We created lakeCoSTR to make the acquisition and analysis of Landsat's Collection 2 Surface Temperature product more accessible for those interested in obtaining historical estimates of lake temperature from remote sensing data. This tool is geared towards researchers interested in gathering historical temperature estimates, especially for small lakes, who don't necessarily have experience working with remote sensing data. This tool leverages the unprecedented historical Landsat 4, 5, 7, and 8 Collection 2 remote sensing dataset using Google Earth Engine (GEE) (Gorelick, et al. 2017), the GEE Python API, and Google Colaboratory (Bisong, 2019).
You must have Google Account and Google Earth Engine Credentials in order to use this tool.
lakeCoSTR is an open-source tool, but please cite accordingly - the widget provided on the right side of the repository landing page will provide a citation.
lakeCoSTR aggregates the surface temperature estimates into summary values per Landsat scene and outputs those data in a single .csv file for the requested time of interest
- The tool provides summary statistics for each scene, including mean estimated temperature, five-number summary of the estimated temperature, skew, and distrubution kurtosis
- The tool also provides histograms of each Landsat scene for users to visually examine the spread and distribution of pixel-level data to assist the user in choosing a meaningful summary statistic and aid in further data filtering
lakeCoSTR makes it easy to pair the Landsat surface temperature estimates with user-provided in situ temperature data
- We HIGHLY RECCOMMEND that users create a Landsat-in situ dataset at this time prior to applying any Landsat-derived temperature estimate to their ecological question, as large-scale evaluation of Collection 2 temperature estimates for lakes has not yet been completed. For information about current validation practices of Collection 2 data by NASA, please see Cook 2014.
lakeCoSTR does not correct for the impact of cloud and cloud shadows
- Cook (2014) identified that the Landsat surface temperature product was affected by cloud and cloud shadows, creating pixel-level estimates that underestimated actual surface temperature of the water
- preliminary analyses using lakeCoSTR to estimate lake surface temperature for Lake Sunapee in New Hampshire, USA showed that no calibration to in situ data was needed for the use of Landsat temperature estimates and that most perceived atmospheric contamination was eliminated using a filter on the kurtosis of the histogram of pixel-level temperature data (Herrick and Steele et al., currently in peer review)

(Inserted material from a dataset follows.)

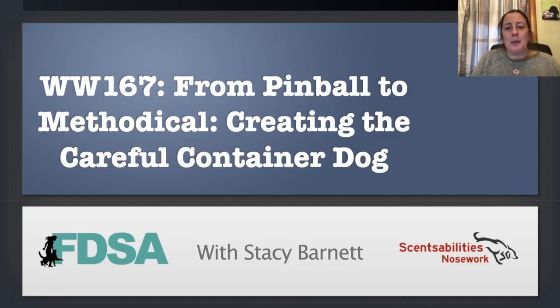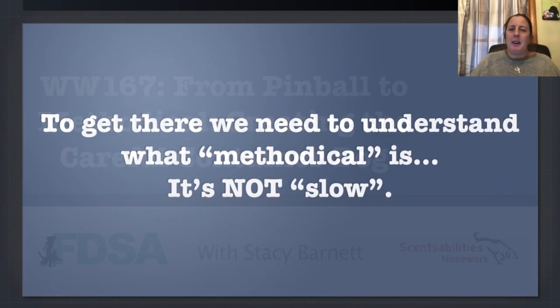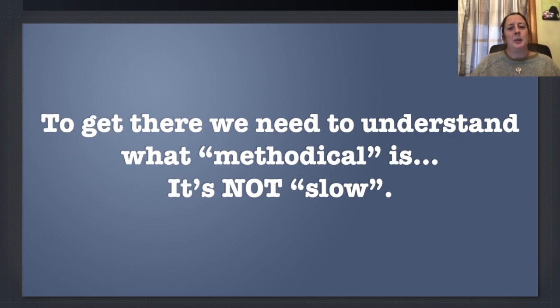Hi everybody, it's Stacey Barnett and welcome to the workshop for containers. This is from pinball to methodical: creating the careful container dog. A methodical dog is focused and thoughtful and thinking about what they're doing, and the focused dog is the one that finds the hides and does really well.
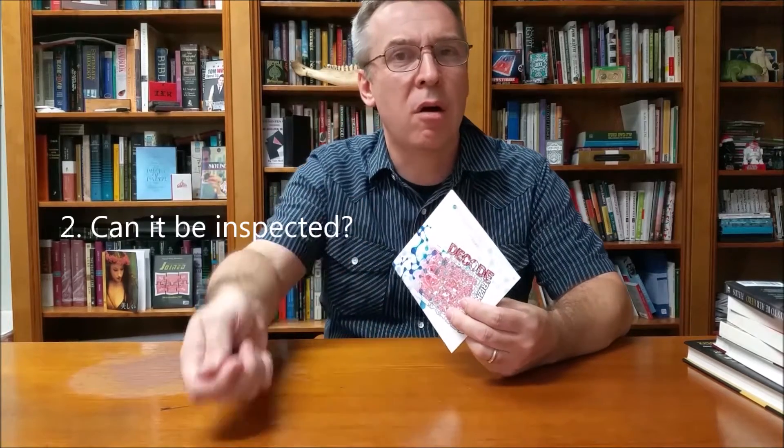Can it be inspected? There really won't be anything to inspect in this effect. Once you hand the card out to the spectator to let them keep as a souvenir, that's pretty much all they get to inspect. You're part of the gimmick — the gaff utility is secretly kept with you, so if you do it right, they should never see that.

lakeCoSTR works best for small lakes
- small lakes are usually completely contained within one or more WRS-2 path rows. lakeCoSTR does not aggregate data between multiple Landsat path-rows. Users will be messaged in the tool if there are issues with this
- small lakes require a smaller amount of cloud compute power and are less likely to time-out the Google Earth Engine API within the tool. If a compute time-out occurs, users will be notified of how to troubleshoot within the tool
- lake-of-interest must have a surface area of at least 0.4ha or approximately 42 30x30m pixels large for lakeCoSTR to provide meaningful summary statistics.
lakeCoSTR works best for non-connected lakes
- the automatic delineation tool used in lakeCoSTR will include streams and connected waterbodies within the user-drawn bounding box if they are connected by a water pixels visible by Landsat's 30x30m pixel size. If you are interested in using lakeCoSTR for an area smaller than is automatically delineated by the tool, you may upload a shapefile or vector file to override the automatic delineation.
lakeCoSTR was only designed to extract surface temperature for lakes during ice-free periods
- all pixels that have been labeled as 'ice' or 'snow' will be filtered from the scene if present and flagged in the Bit Quality Assessment (BQA) band of the scene metadata
lakeCoSTR may not perform well at high latitudes
- there is currently no solar zenith angle cutoff employed in the lakeCoSTR tool: this may result in distortions of temperature estimates and location precision
- solar zenith angle, as provided in the Landsat scene metadata is included in the output .csv
lake-specific Landsat-in situ comparisons are highly encouraged
- the Landsat surface temperature product used in lakeCoSTR has not been widely tested across the world - comparisons between the Landsat surface temperature estiamtes and in situ data at a lake-by-lake scale are encouraged at this time
First, visit the Colab Basics webpage and run through the script that pops up on this page. It will walk your through how to use a Colab Notebook and run cells.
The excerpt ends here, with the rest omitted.